I have always had my mind set on UCLA (since I've been in community college) until a friend of mine informed me about Chapman. 
Correct me if I'm wrong, this is how I see it: 

UCLA:
*pros*
-one of the best critical approaches to Cinema and film production in the country, spawning well cultured minds capable of idealizing great films
-one of the best universities in the country, allowing me to take non-film classes with valuable professors and programs
*cons* 
-not too keen on practical means, limited equipment etc.
-would not allow me to go directly into movie-making afterwords 
*conclusion* 
UCLA would allow me to stimulate my individual and culture my mind to make great films, but I would leave their program without the physical means to produce a movie. I could get a proper education on film history as well as world and literature histories. Develop my mind like a proper scholar should, and then figure out the practical aspects later, taking Internships or smaller programs to learn the actual trade. 

CHAPMAN:
*pros*
-one of the best practical approaches to film production
-you leave work-ready, almost guaranteed a foot in the door to actual film making 
*cons* 
-wouldn't allow me to stimulate and culture my mind as much as a proper scholar should
-strictly Hollywood style approach (hence not critical and hence would hardly spawn a 'new school' of filmmakers 
*conclusion* 
Chapman would give me the physical means to produce movies. I could study world literature and world history/politics classes at while I take the production major, allowing myself to get noticed in film-making and guarantee myself a future in film-making while still stimulating my politically aroused mind, but then having lacked a proper concentration and education on theoretical aspects of world culture and storytelling. 

I know how important the practical aspect of filmmaking is in a hollywood driven film industry; but I also know that practical aspects are not everything.
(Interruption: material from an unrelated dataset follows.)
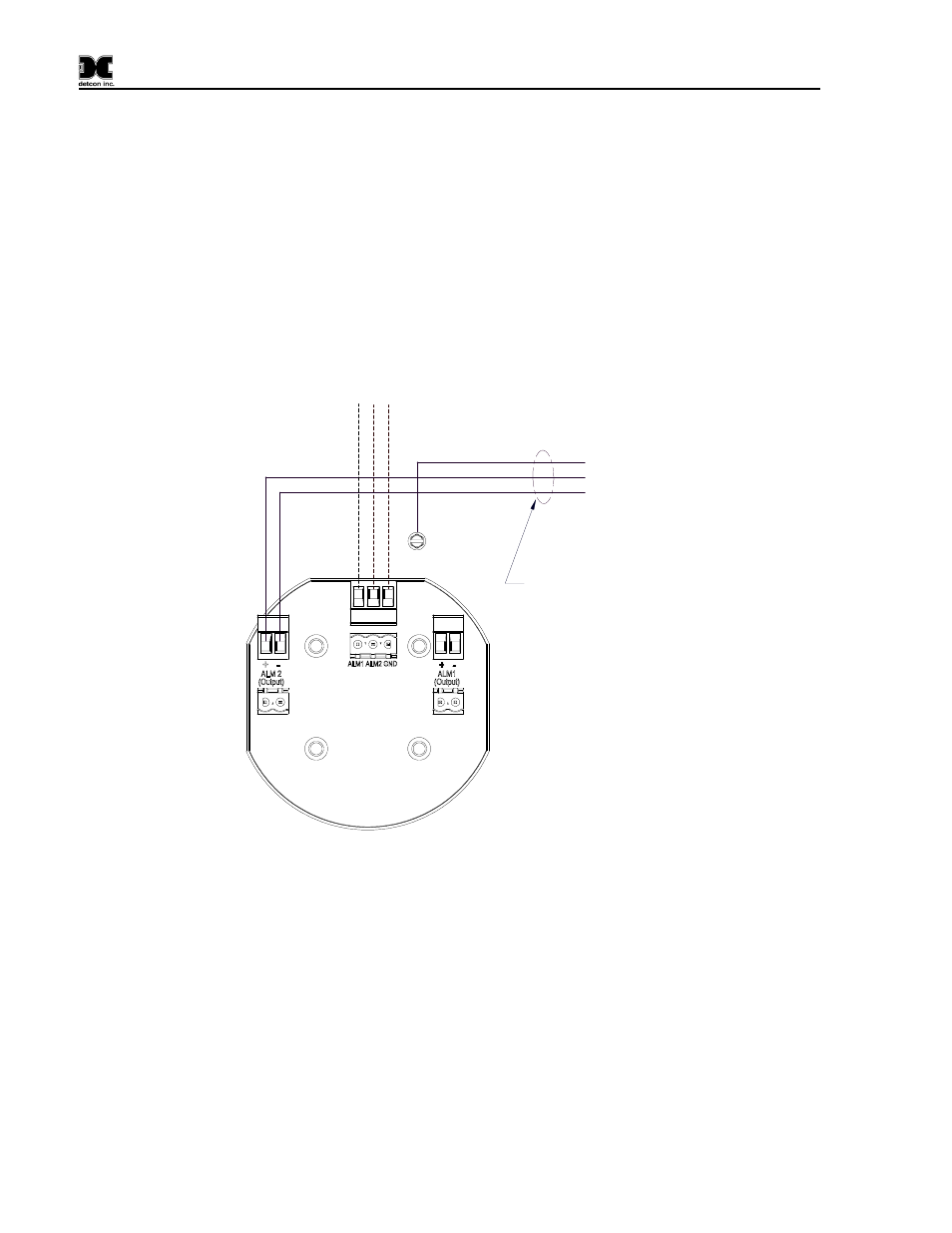 Detcon SmartWireless CX User Manual | Page 18 / 33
Anyone can learn how to make a movie, but only a well cultured few can actually make valuable films. 

This is just the tip of the ice-burg of my doubts, but hopefully its enough to sprout discussion. I should probably know more about both programs, am I correct in my assumptions about their programs?

Help me out please I'm going insane!


----------



## cschu011 (Aug 16, 2009)

Chapman....a garentee at getting in the film indistry?
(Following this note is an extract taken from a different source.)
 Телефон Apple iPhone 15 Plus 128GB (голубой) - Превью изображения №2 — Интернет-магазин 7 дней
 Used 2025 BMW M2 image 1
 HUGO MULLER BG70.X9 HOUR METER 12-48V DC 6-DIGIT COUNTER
umm NO.  No film schoo is a garentee.  If you want to make films MAKE FILMS. So go to a school where you can do that.

Filmmakers are passionate artist who put their whole being into becoming a filmmaker.  The fact that you said UCLA has limited equipment, should have awsnered your question about which school to go to.

Sure they have good professors.....but your not going to school to make a living off history...your going to school to become an artist.

Thats my 2 cents.


----------



## unChienAndalou (Aug 17, 2009)

I don't just want to make films. I want to make valuable films. I have a camera and have made shorts, that's not the problem. It's that I want to be cultured and have a good education. Good movie makers haven't necessarily been to film school, many have studied philosophy or political science only to later learn the practice of movie making. I want something in between. 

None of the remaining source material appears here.